Set down the data again word for word. Skip any pictures.

DATA ▸
----------
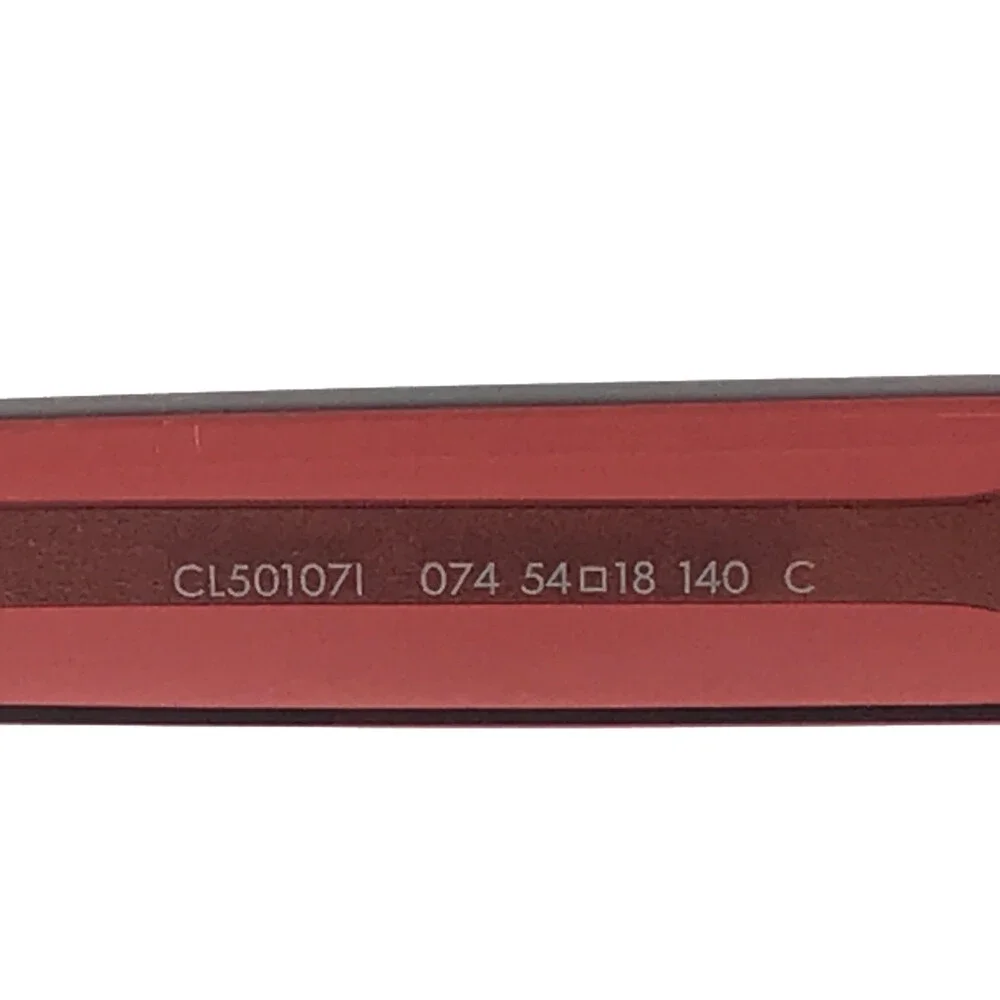 Celine Eyeglasses Frames CL501071 074 Pink Transparent Overized Round 54-18-140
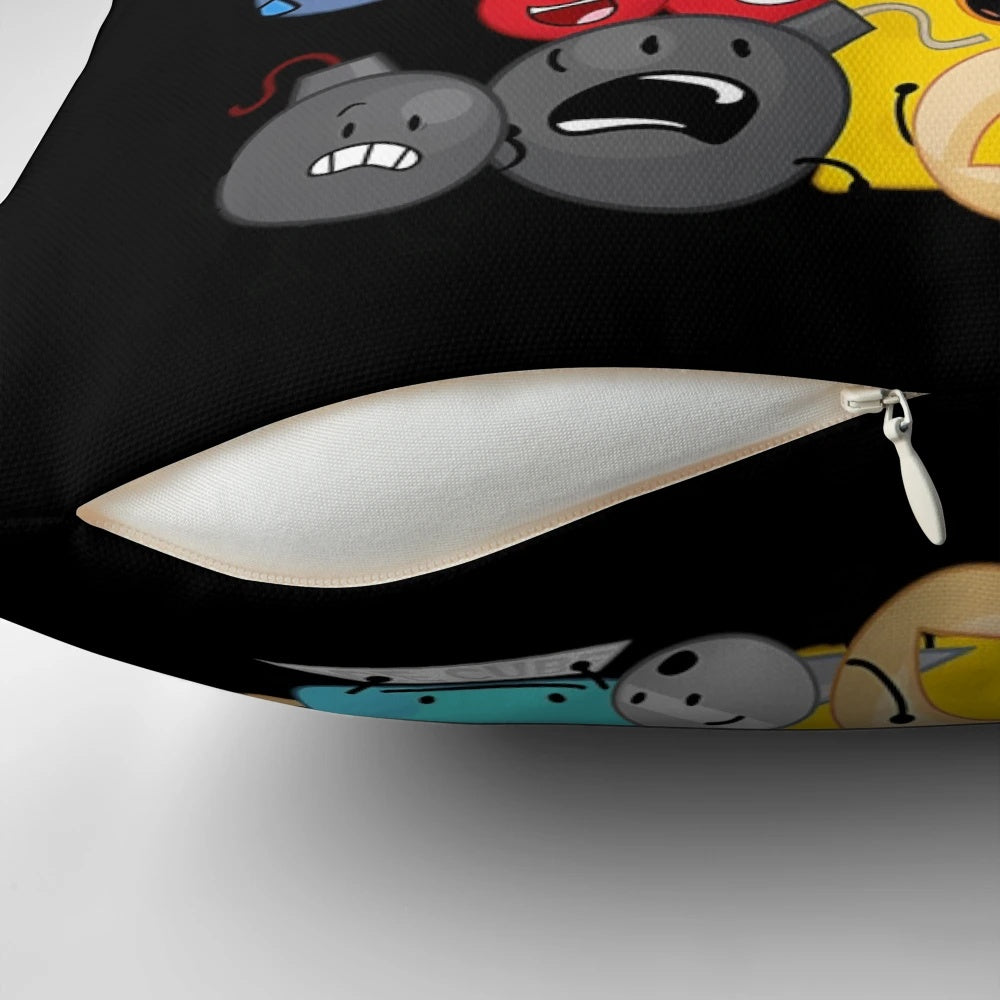 Battle For Dream Island themed pillow featuring characters from the popular object show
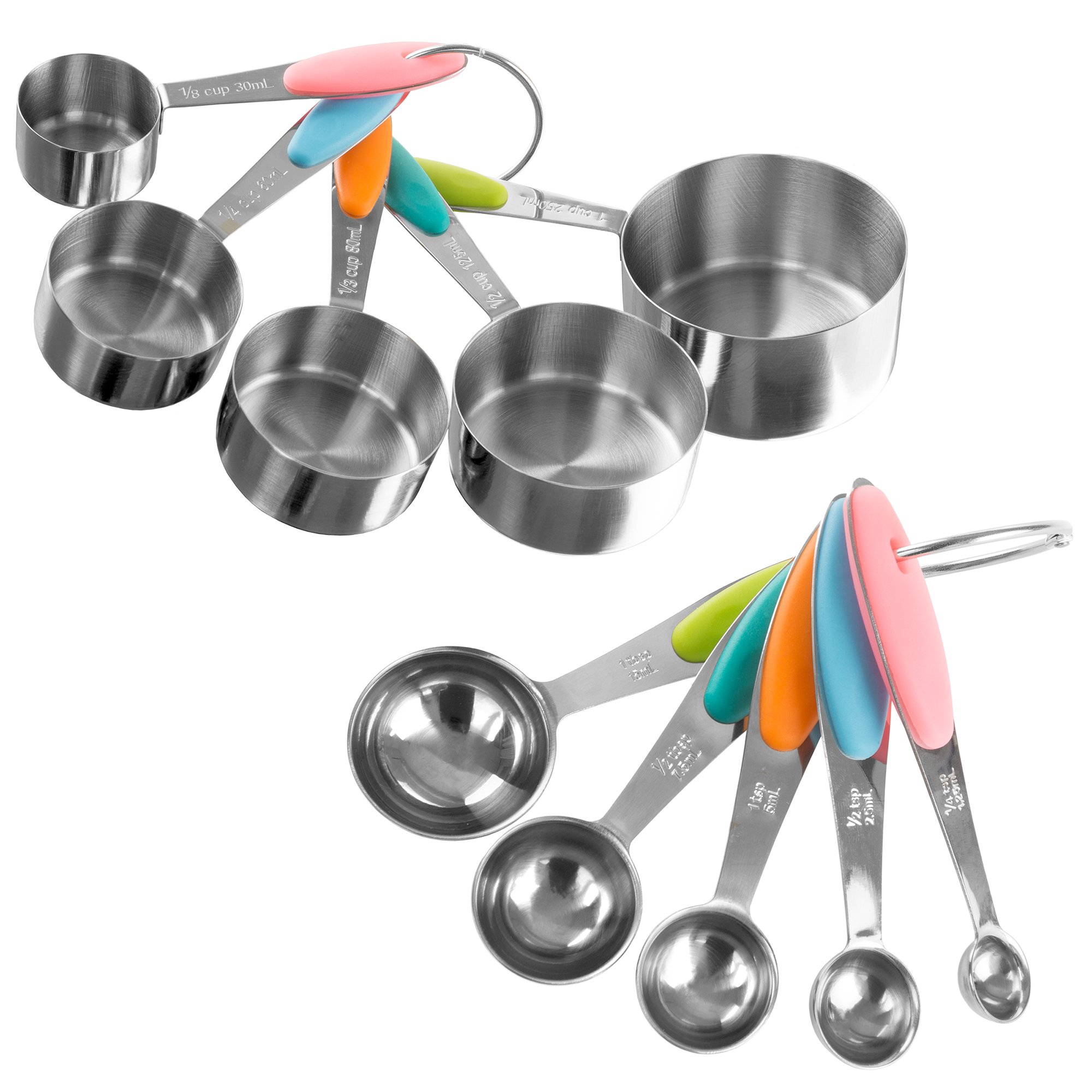 Classic Cuisine 82-KIT1036 Messbecher und Löffel-Set, Edelstahl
----------
TASK SOLUTION ▸
 Celine Eyeglasses Frames CL501071 074 Pink Transparent Overized Round 54-18-140
 Battle For Dream Island themed pillow featuring characters from the popular object show
 Classic Cuisine 82-KIT1036 Messbecher und Löffel-Set, Edelstahl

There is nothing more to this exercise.